The system did retain certain advisory categories--critical care, psych, O/B, trauma/OR and CT--that EMS was asked to observe if it could. But if the EMS situation were dire enough, those could be ignored.
"On a good day in EMS," Cusick explains, "we'd say, 'Try to work with the hospitals and pay attention to the advisories.' On a bad day in EMS, if the system was overloaded, they'd mean nothing. We'd go back to just open or closed."
Denver also employed zones and utilized EMSystem to share information. And independently, a pair of its hospitals went even further: They began screening patients coming into the EDs and referring some to clinics elsewhere.
Denver isn't the only city where this has been tried, and it is controversial. But studies suggest that a third of the care provided in U.S. EDs could be more appropriately obtained elsewhere. According to a Washington Post account from April 2004, ambulances had, in the preceding six months, delivered three patients to one of these EDs for hangnails. "That kind of behavior wrecks the system," a doc there told the paper.
ED visits at that hospital dropped by 20% once the "rational rationing" began.
The long-term issues, Cusick says, are more staffed beds and better throughput.
"All these things, in a way, are a just a Band-Aid," he says. "We're lucky they're succeeding, but we're not sure for how long.
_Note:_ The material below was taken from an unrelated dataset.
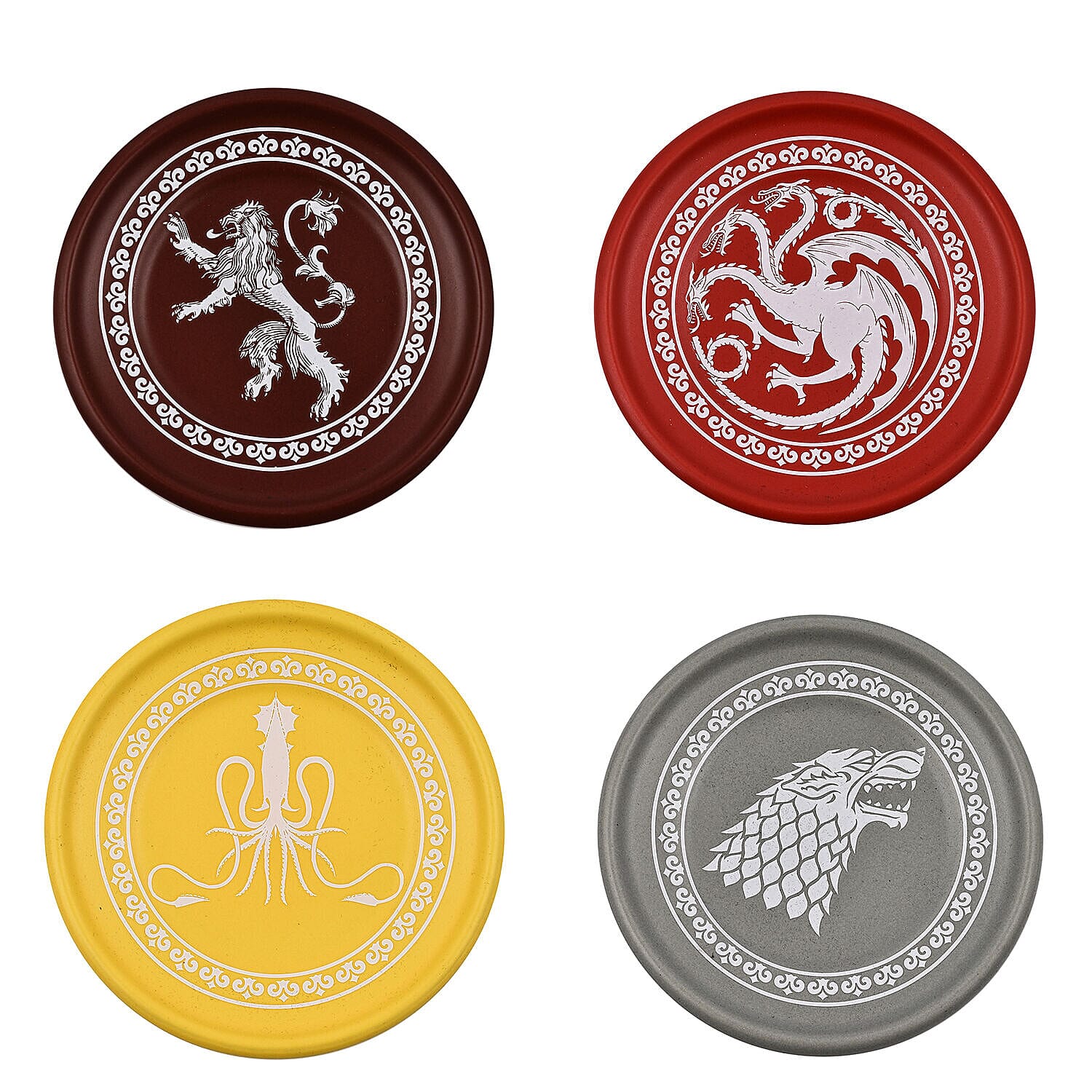 Closeout Deal - Game of Thrones Emblem and Slogans Espresso Ceramic Mug Set - 4 Mugs and 4 Saucers - Multi Colour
We need more staffed beds, and we need flowthrough efficiency throughout the whole hospital. Getting patients upstairs quicker, getting patients discharged quicker--it's all part of the puzzle."
What EMS Can Do
There are, of course, other efforts in other places to address the diversion problem. Again, there's only so much EMS can do, especially where its actions are constrained by law. But some additional ideas may include:
- Transporting patients to urgent-care centers, freestanding ED-type clinics or other destinations besides actual EDs.
"Pretty much every study,"Williams says, "documents that for anywhere from 40%-60% of all emergency department visits, that's not necessarily the best place of care for them. It feels accessible to the patient, but there are other accessible sources."
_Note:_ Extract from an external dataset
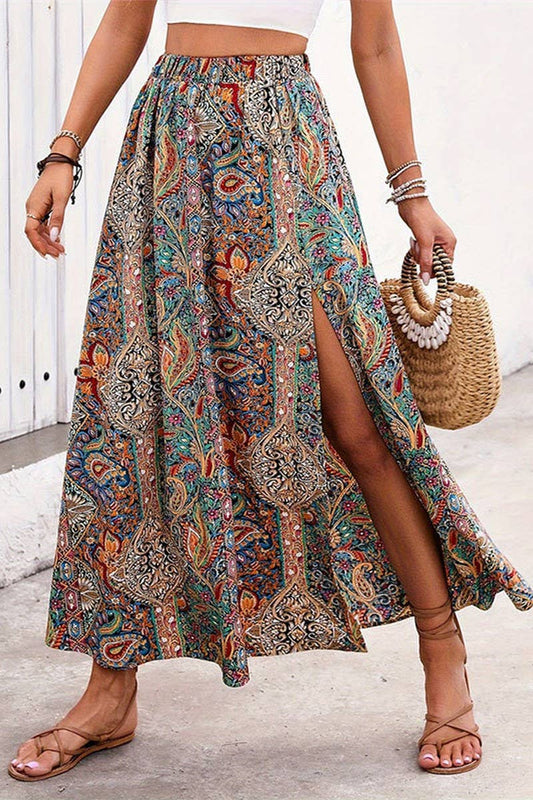 CWBLS0438_SPRING AND SUMMER PERSONALITY SLIT A-LINE SKIRT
- Basic medical screening of 9-1-1 callers.
"Our studies show that only about 40% of ambulance patients ultimately get admitted to the hospital," says Williams. "Is there any way we can better stratify those patients who call for an ambulance? Houston Fire, for example, is pilot-testing a nurse advice line concept. If you call in and meet certain criteria, you don't get an ambulance; you get transferred to a nurse advice line, and they'll help determine what services you need--including helping you schedule a same-day appointment with your physician. That's a radically new way of thinking about this business."
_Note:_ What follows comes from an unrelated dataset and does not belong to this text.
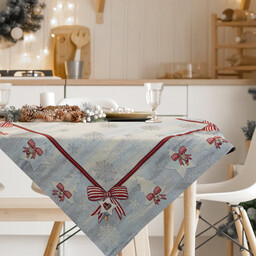 Eurofirany Obrus serweta świąteczny 100x100 Cho 4067 niebieski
- Sharing EMS tactics like peak-hour staffing with our hospital brethren.
Williams: "Most hospitals don't change their staffing by hour of the day or day of the week. In EMS, that's fundamental. We wouldn't even think about having static staffing during the busiest hours of the day. Many hospitals are still of this mind-set that you never know who's going to walk through that door. Well, it turns out we do know, and to a high level of precision. We can carry those experiences over to the hospital industry."
In that sense, there's actually a good bit EMS can do to help solve the diversion problem. We just have to avail our colleagues of our wisdom and experiences--and maybe even our clinical skills.
"I'm a real proponent of having EMS personnel working in hospitals," says Cusick. "Especially at a time when we're short of nurses, we need to utilize the personnel we have. Why not have an EMS person in the discharge unit who can facilitate transport out, whether it's by family, cab, ambulance, whatever? Have somebody who deals in transport there with the nurse to assist. And medics are great at running arrests and giving respiratory medications and the things they're certified to do on the outside. We should make it easier for them to do it on the inside."